Kinematics of CR TKAs

Using the above described combined MRI and DFIS technique, we evaluated the in vivo kinematics of the knee with medial compartment OA before and after a CR TKA during weight-bearing knee flexion, and compared the results to those of normal knees (31-33). Similar internal/external tibial rotation was seen in the OA and normal knees. However, the OA knees had less overall posterior femoral translation relative to the tibia between 0°–105° flexion and more varus knee rotation between 0°–45° flexion compared to the normal knees. Additionally, in the OA knees the femur was located more medially than in the normal knees, particularly between 30°–60° flexion. After CR TKA, the knee kinematics were not restored to normal. The overall internal tibial rotation and posterior femoral translation between 0°–105° knee flexion were dramatically reduced. Additionally, CR TKA introduced an abnormal anterior femoral translation during early knee flexion, and the femur was located lateral to the tibia throughout weight-bearing flexion. We also found that the CR TKA resulted in more posterior contact positions on the tibial surface and a reduced range of motion in the medial and lateral compartments (Figure 4). The distances between medial and lateral contact locations in the CR TKA knees were statistically larger than the OA knees. The articular contact centers have shifted from the medial side of the tibial plateau preoperatively to the lateral side after operation. In analysis of the function of the PCL in the CR TKA, we found that the PCL bundles of the OA knees were overstretched during late knee flexion and orientated more medially throughout flexion compared with normal knees. After CR TKA, PCL bundles were further overstretched during late flexion and changed from medially directed in normal and OA knees to almost sagittally directed, which may compromise its function in controlling knee rotation.

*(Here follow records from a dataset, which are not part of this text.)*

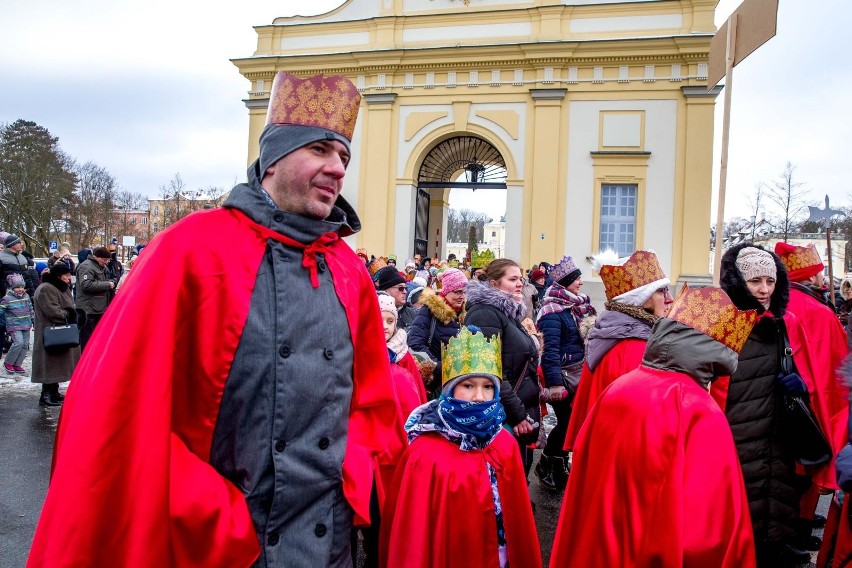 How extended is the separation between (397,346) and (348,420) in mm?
2187

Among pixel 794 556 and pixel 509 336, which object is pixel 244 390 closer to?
pixel 509 336

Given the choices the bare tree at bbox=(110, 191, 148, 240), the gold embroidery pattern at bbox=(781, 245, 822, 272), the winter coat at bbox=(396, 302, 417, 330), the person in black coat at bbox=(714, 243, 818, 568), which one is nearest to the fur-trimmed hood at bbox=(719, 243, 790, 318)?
the person in black coat at bbox=(714, 243, 818, 568)

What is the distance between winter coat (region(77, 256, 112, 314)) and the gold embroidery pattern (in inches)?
351

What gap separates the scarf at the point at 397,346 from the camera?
418 centimetres

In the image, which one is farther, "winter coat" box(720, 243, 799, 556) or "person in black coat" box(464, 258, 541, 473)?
"person in black coat" box(464, 258, 541, 473)

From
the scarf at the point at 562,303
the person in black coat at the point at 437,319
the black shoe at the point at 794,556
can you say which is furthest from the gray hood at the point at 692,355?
the scarf at the point at 562,303

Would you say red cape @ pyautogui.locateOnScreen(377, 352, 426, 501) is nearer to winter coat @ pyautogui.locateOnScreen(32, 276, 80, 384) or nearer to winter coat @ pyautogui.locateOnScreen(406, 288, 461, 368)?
winter coat @ pyautogui.locateOnScreen(406, 288, 461, 368)

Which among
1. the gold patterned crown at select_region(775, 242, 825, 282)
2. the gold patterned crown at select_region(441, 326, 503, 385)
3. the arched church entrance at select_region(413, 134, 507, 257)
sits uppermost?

Figure 4 Average medial and lateral articular contact locations and the center points between medial and lateral contacts of the knees before and after TKA. All points were plotted with respect to the pre-operation knee coordinate system. The solid and dotted lines represent the distances between medial and lateral contact locations at full extension and maximal flexion, respectively. [From Figure 4 of Li et al., JOR 2015, Vol. 33(3), pp.349-358]. TKA, total knee arthroplasty.

We investigated the in vivo six DOF knee kinematics and tibiofemoral contact location after TKA using a conventional and a high flexion CR component (15 NexGen CR, 11 NexGen CR-Flex) (18). Each patient performed a single-leg lunge and imaged by the DFIS. Data were analyzed at hyperextension, 0°–90° using 15° increments, and at maximum flexion. The average maximum weight-bearing flexions were similar between the CR patients (110.1°±13.4°) and the CR-Flex patients (108.2°±13.2°) and no significant differences in kinematics between the two groups were found. However, at high flexion, the tibiofemoral articulating surfaces were more conforming in the CR Flex design than the CR design, suggesting that the use of the high flexion component improved the tibiofemoral contact environment at high flexion in patients who could achieve high flexion.

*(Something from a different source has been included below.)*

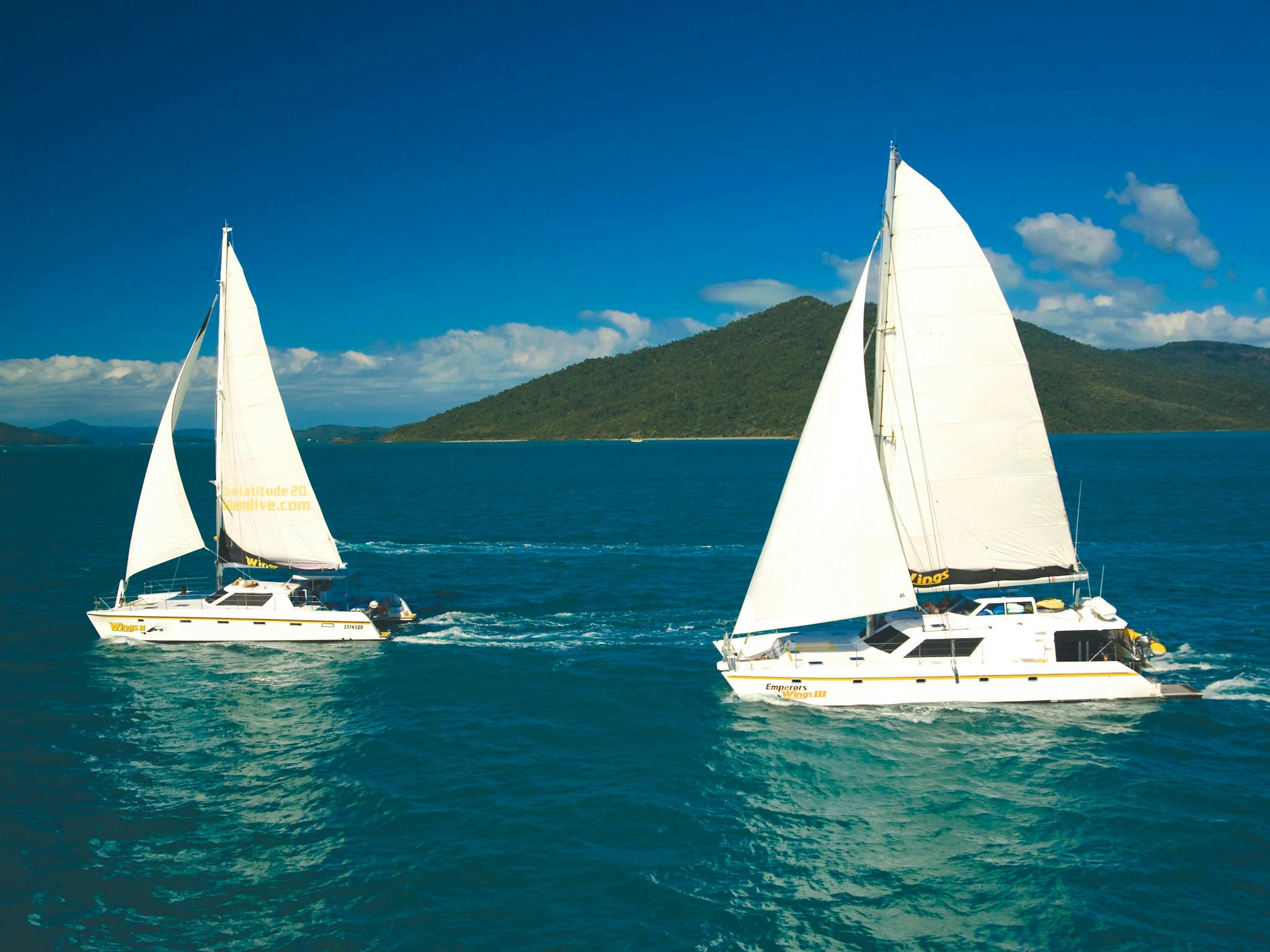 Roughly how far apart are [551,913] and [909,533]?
53.9 feet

In vivo kinematics of PS TKAs

We analyzed the posterior femoral translation, internal tibial rotation and cam-post engagement in 24 knees with a PS TKA (LPS Flex, Zimmer) while performing a weight-bearing, single leg lunge from full extension to maximum flexion (34). The cam-post engagement was determined when the surface model of the femoral cam overlapped with that of the tibial post. The mean maximum flexion angle for all the subjects was 112.5°±13.1°. The mean flexion angle where cam–post engagement was observed was 91.1°±10.9°. The femur moved anteriorly from 0°–30° and posteriorly through the remaining flexion range. The internal tibial rotation increased approximately 6° from full extension to 90° of flexion and decreased slightly with further flexion. Both the medial and lateral contact point moved posteriorly from 0°–30°, remained relatively constant from 30°–90°, and then moved further posterior from 90° to maximum flexion. The in vivo cam-post engagement corresponded to increased posterior translation and reduced internal tibial rotation at high flexion of the PS TKA.

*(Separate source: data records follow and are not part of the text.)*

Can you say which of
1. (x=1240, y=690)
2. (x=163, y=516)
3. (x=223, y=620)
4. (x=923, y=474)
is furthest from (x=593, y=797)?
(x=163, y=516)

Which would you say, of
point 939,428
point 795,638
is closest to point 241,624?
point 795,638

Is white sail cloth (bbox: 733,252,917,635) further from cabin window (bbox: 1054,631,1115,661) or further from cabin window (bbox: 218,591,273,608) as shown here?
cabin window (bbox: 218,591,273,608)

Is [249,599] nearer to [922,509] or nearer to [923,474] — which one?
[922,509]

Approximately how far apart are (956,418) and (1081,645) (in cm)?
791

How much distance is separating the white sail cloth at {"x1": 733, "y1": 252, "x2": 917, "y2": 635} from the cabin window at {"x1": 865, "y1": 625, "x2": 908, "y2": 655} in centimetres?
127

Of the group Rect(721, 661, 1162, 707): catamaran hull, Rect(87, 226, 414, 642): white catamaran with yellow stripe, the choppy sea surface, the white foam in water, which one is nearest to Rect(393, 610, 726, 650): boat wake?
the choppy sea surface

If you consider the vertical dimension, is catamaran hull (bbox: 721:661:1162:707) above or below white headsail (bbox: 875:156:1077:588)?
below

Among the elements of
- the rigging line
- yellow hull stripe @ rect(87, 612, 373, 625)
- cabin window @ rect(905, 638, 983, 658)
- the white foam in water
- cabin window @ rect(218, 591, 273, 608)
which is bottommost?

Next, we investigated biomechanics of PS TKA patients during weight-bearing flexion >130° (6), including six DOF kinematics, tibiofemoral contact, and cam-post contact. The patients achieved average weight-bearing flexion of 139.5°±4.5°. Posterior femoral translation and internal tibial rotation increased gradually beyond 90° flexion, and a sharp increase in varus rotation was noted at maximum flexion. Initial cam-post engagement was observed at 100.3°±6.7° flexion. Five knees had cam-post disengagement before maximum flexion. Lateral femoral condylar lift-off was found in five out of seven knees at maximum flexion, and medial condylar lift-off was found in one knee.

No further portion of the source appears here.